En février, j'ai continué sur ma lancée de lire dans tous les genres et tous les formats. Cela donne un bilan très hétérogène, mais avec pour fil rouge des styles puissants et des textes qui ne laissent pas indifférent.e.s.
Possession, A.S. Byatt · 1990
Je ne sais pas exactement ce que je viens de lire mais waouh, ce livre est quelque chose.
On y suit, dans les années 1980, plusieurs chercheurs en littérature qui enquêtent sur un célèbre poète (fictif), Randolph Henry Ash, et ses mystérieuses relations avec son entourage. Il s'en suit un roman "dark academia" intensément lyrique, écrit à la lumière de la poésie victorienne, du désir et de l'expression des choses qui refusent d'être enfermées dans des mots.
A.S. Byatt arrive à créer des poètes fictifs du 19e siècle qui interagissent avec des noms restés célèbres dans l'histoire, à composer les poèmes de ces poètes, et à écrire des pages de recherche universitaire étudiant ces artistes et leurs œuvres. C'est ébouriffant. Sa prose très littéraire m'a parfois un peu perdue, mais j'ai une admiration profonde pour ce que l'autrice a réussi ici. Elle mêle deux temporalités (celle des poètes et celles des chercheurs) dans une myriade de formes littéraires incluant le roman, la poésie, la correspondance épistolaire (et quelles lettres!). Ses personnages sont nuancés, de même que leurs relations qui ne sont pas définies clairement pour laisser la place à l'interprétation. L'atmosphère purement anglaise est tactile, et rien que la description d'une salle de bain kitschissime vaut le détour.
Rep : personnage polyamoureux, personnages aro / ace (avec une fin plutôt frustrante mais je ne dévoilerai pas les dernières pages).
CW : attitude sexiste envers les femmes au 19e siècle.
The Wilful Princess and the Piebald Prince (Le Prince Bâtard), Robin Hobb · 2013
Êtes-vous parfois frustré.e de ne pas en savoir plus sur un monde de fiction que vous aimez?
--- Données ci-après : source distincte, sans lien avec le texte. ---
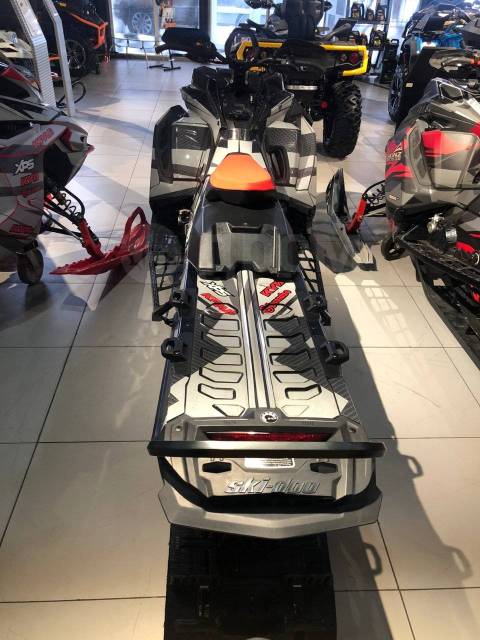 BRP Ski-Doo Summit X with Expert Package. ,  ,   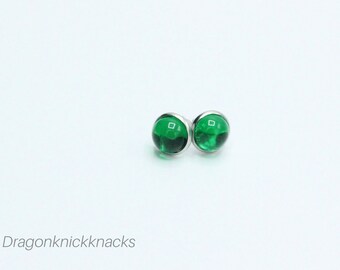 Simple Stud Earrings: Crystal Green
Robin Hobb a la solution pour les Six Duchés. Dans la trilogie Tawny Man (L'Assassin Royal, tomes 7 à 13), sans rien divulgâcher de l'histoire, les personnages font régulièrement référence à la figure légendaire du Prince Pie, sans que sa vie ne soit jamais racontée entièrement. Dix ans après la publication du dernier tome de la série, l'autrice a fait paraître cette novella double, qui explore l'histoire derrière le conte populaire. Bien que le Prince soit au cœur des enjeux de Tawny Man, son récit commence avec une princesse téméraire dont le destin nous est raconté dans la première moitié de ce petit livre orné d'illustrations en noir et blanc de Jackie Morris.
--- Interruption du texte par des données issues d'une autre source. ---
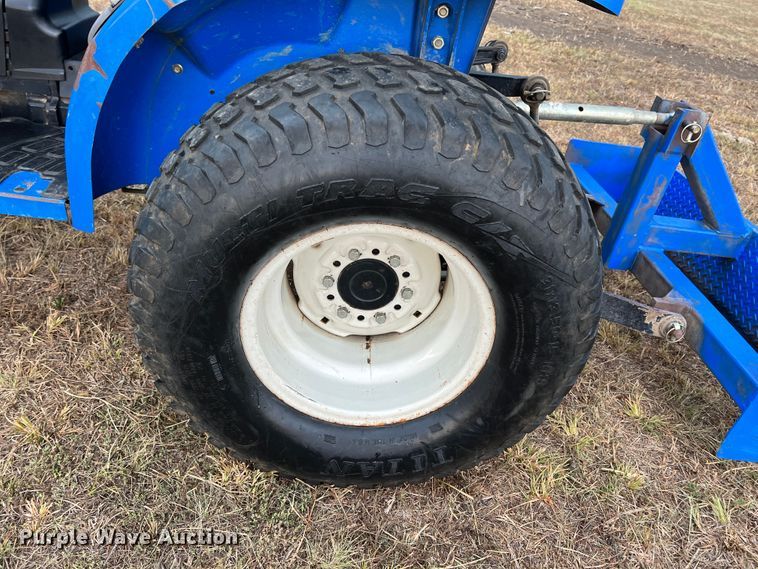 image for item IA9085 New Holland TC24D  MFWD tractor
Cela ne vous surprendra pas d'apprendre que j'adore cet ajout à l'univers des Anciens. Robin Hobb raconte ces deux personnages dans un style oral assez différent de celui auquel elle a habitué ses lecteurices, avec le rythme d'un ménestrel et les mises en garde ponctuelles de la narratrice. Grâce à ce petit volume méconnu, on en apprend plus sur les Six Duchés et ses habitants, et bien que l'on puisse apprécier Tawny Man sans le connaître, je vous recommande chaudement de le lire avant ou après cette trilogie pour en faire durer le plaisir.
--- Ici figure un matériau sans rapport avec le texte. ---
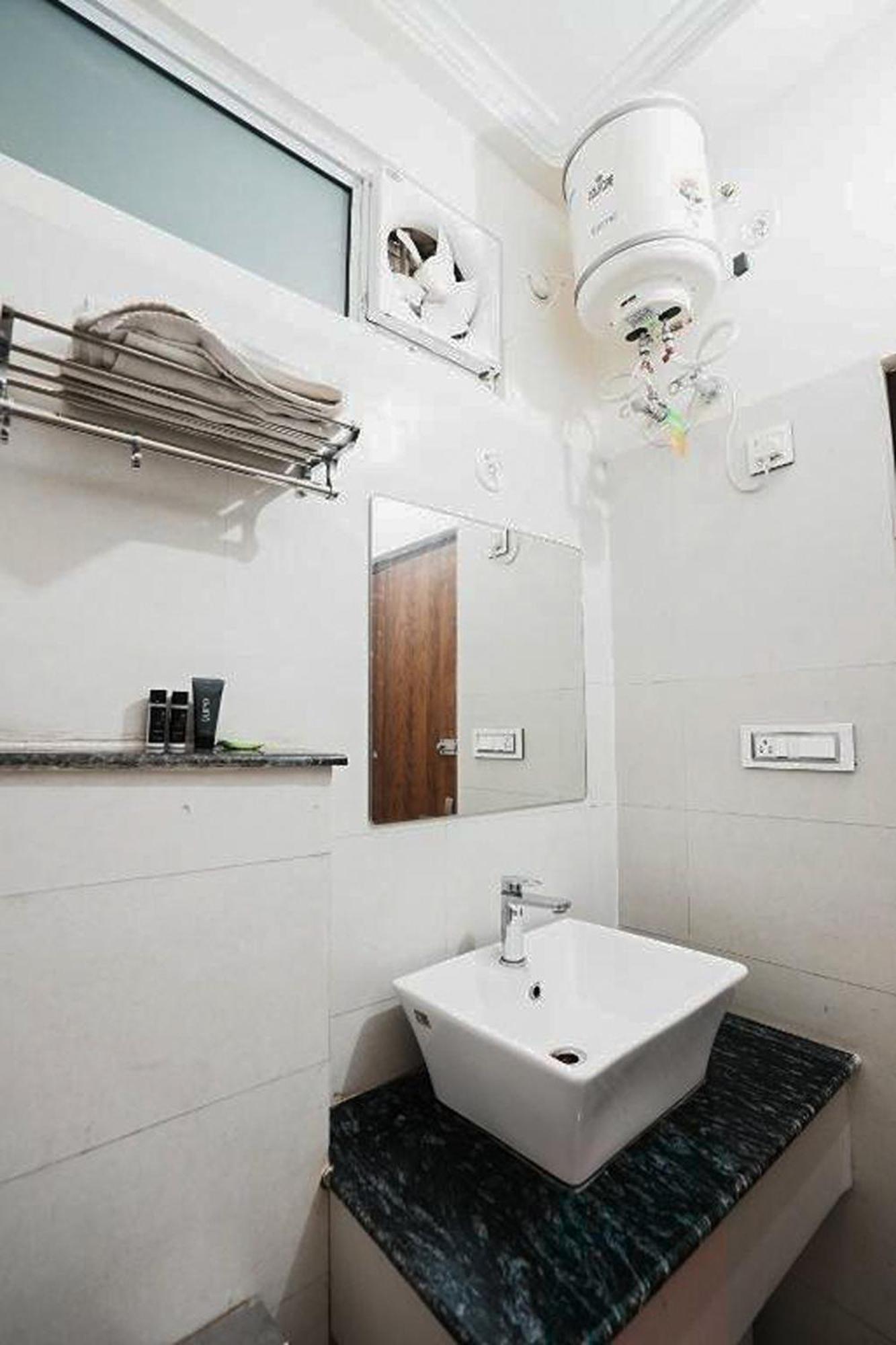 Hotel The 7 Seas Rishikesh Exterior photo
Rep : femme lesbienne, personnage défiguré.
CW : mort d'un animal (décrite).
Féro(ce)cités, collectif · 2021
Projets Sillex nous convie à un périple aux côtés de compagnons de tous poils et plumes dans ce recueil haut en couleur. Des histoires captivantes servies par des styles variés mais toujours ciselés. Un régal, même si le genre de départ n'était pas ma tasse de thé!
J'ai eu le plaisir de lire trois de ces histoires avant la parution du recueil (l'éditeur m'a envoyé un livret, mais j'ai payé le volume final de ma poche) et j'ai été impressionnée par leur qualité, si bien que j'ai été encore plus heureuse de découvrir que les autres histoires de ce livre étaient de même qualité!
CW: une longue liste d'avertissements de contenu est fournie dans le livre.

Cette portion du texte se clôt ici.